La Ligue Tunisienne des Droits de l'Homme (LTDH) a annoncé, hier, que les atteintes aux droits de l'Homme se sont poursuivies en Tunisie après le 14 janvier, date de l'effondrement du régime liberticide de Ben Ali. «L'ancien régime a été balayé par des mouvements de protestation populaires organisés autour des revendications de liberté, de justice et de dignité, mais les violations des droits de l'Homme se sont poursuivies après le départ de Ben Ali», a affirmé Me Abdessattar Ben Moussa, président de la ligue, au cours d'un conférence de presse organisée hier à Tunis, à l'occasion de la publication du rapport annuel 2011 de l'Observatoire pour la protection des défenseurs des droits de l'homme dans le monde.
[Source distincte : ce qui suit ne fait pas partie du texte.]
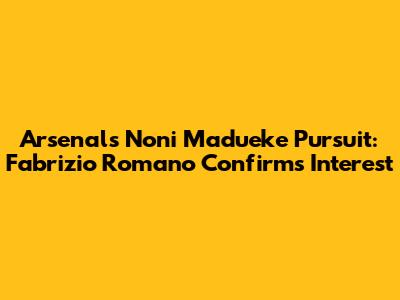 Arsenal's Noni Madueke Pursuit: Fabrizio Romano Confirms Interest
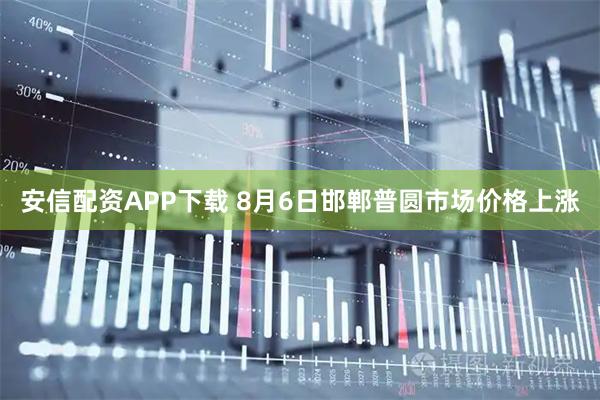 安信配资APP下载 8月6日邯郸普圆市场价格上涨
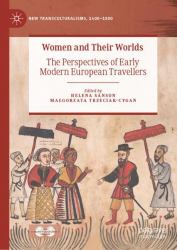 Women and Their Worlds : The Perspectives of Early Modern European Travellers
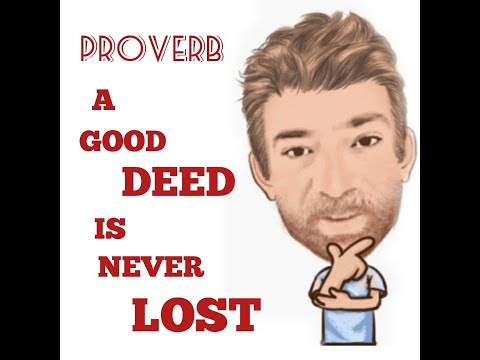 English Tutor Nick P Proverbs (318) A Good Deed is Never Lost - Origin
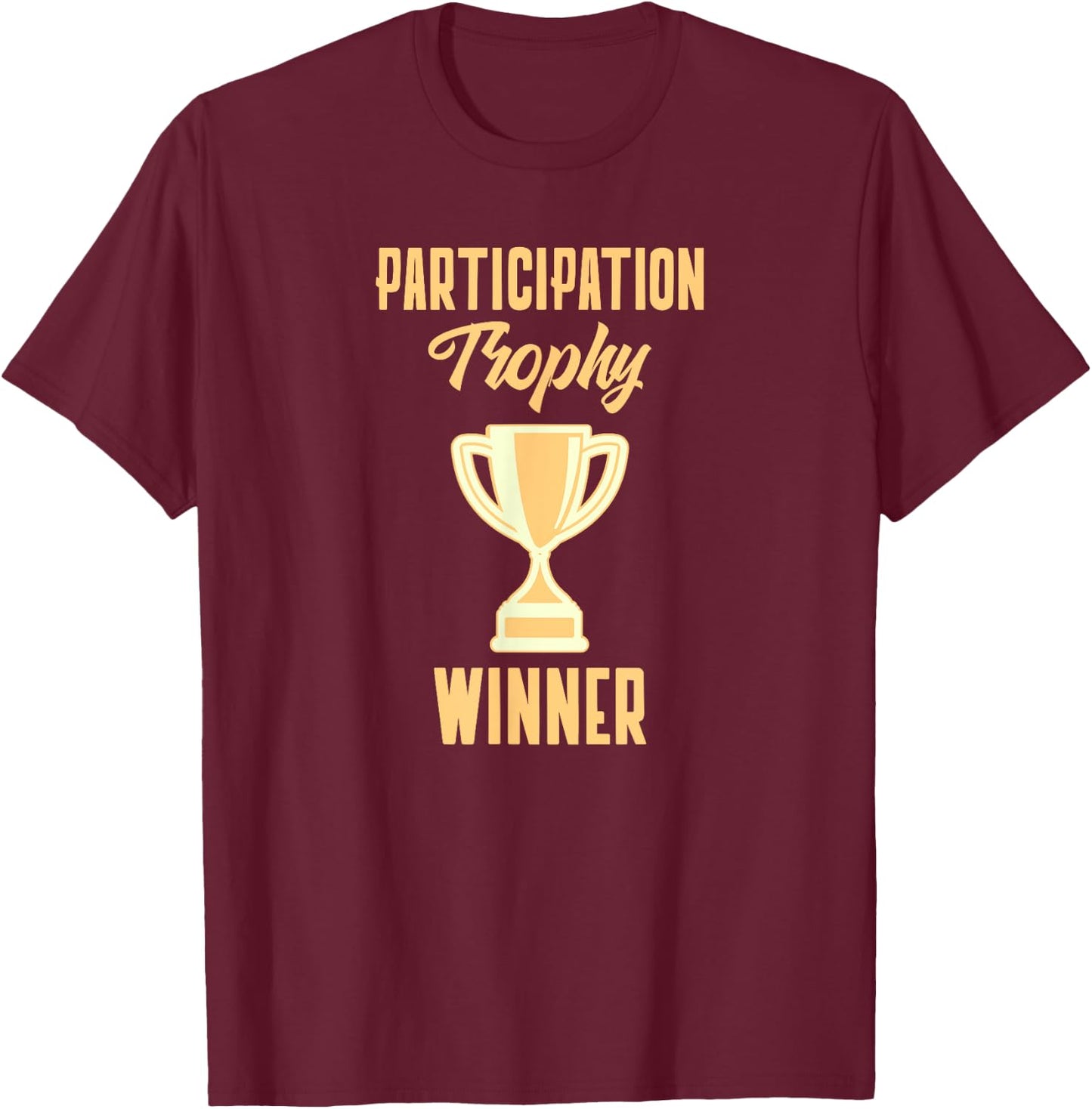 Participation Trophy Winner - Funny Trophy T-Shirt - T-Shirt | Maroon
Citant notamment la répression des manifestants pacifiques, les arrestations arbitraires et les attaques virulentes contre les activistes des droits humains, Me Ben Moussa a estimé que la mission des défenseurs des droits de l'Homme en Tunisie sera désormais «plus difficile et très délicate». Et pour cause : l'Etat ne revendique plus le monopole de la répression et de la «criminalisation» des défenseurs des droits humains. Des partis politiques, des groupes religieux et même des lobbies financiers se sont engouffrés par la brèche ouverte par le vent de liberté qui souffle sur le pays pour taxer les gardiens du temple des libertés en général et les défenseurs des droits humains en particulier d'anti-nationalistes et les accuser d'être des espions étrangers, ou tout simplement d'être naïfs, élitistes, ou déconnectés de la réalité. « Il ya quelques semaines, je me suis trouvé sur le plateau d'une chaîne télévisée face à un dirigeant de la mouvance salafiste tunisienne qui affirmait sans détours que la démocratie est une hérésie et menaçait ouvertement de combattre ce qu'il qualifie de vices sociaux par le moyen de la prédication et le djihad», s'est inquiété le président de la LTDH.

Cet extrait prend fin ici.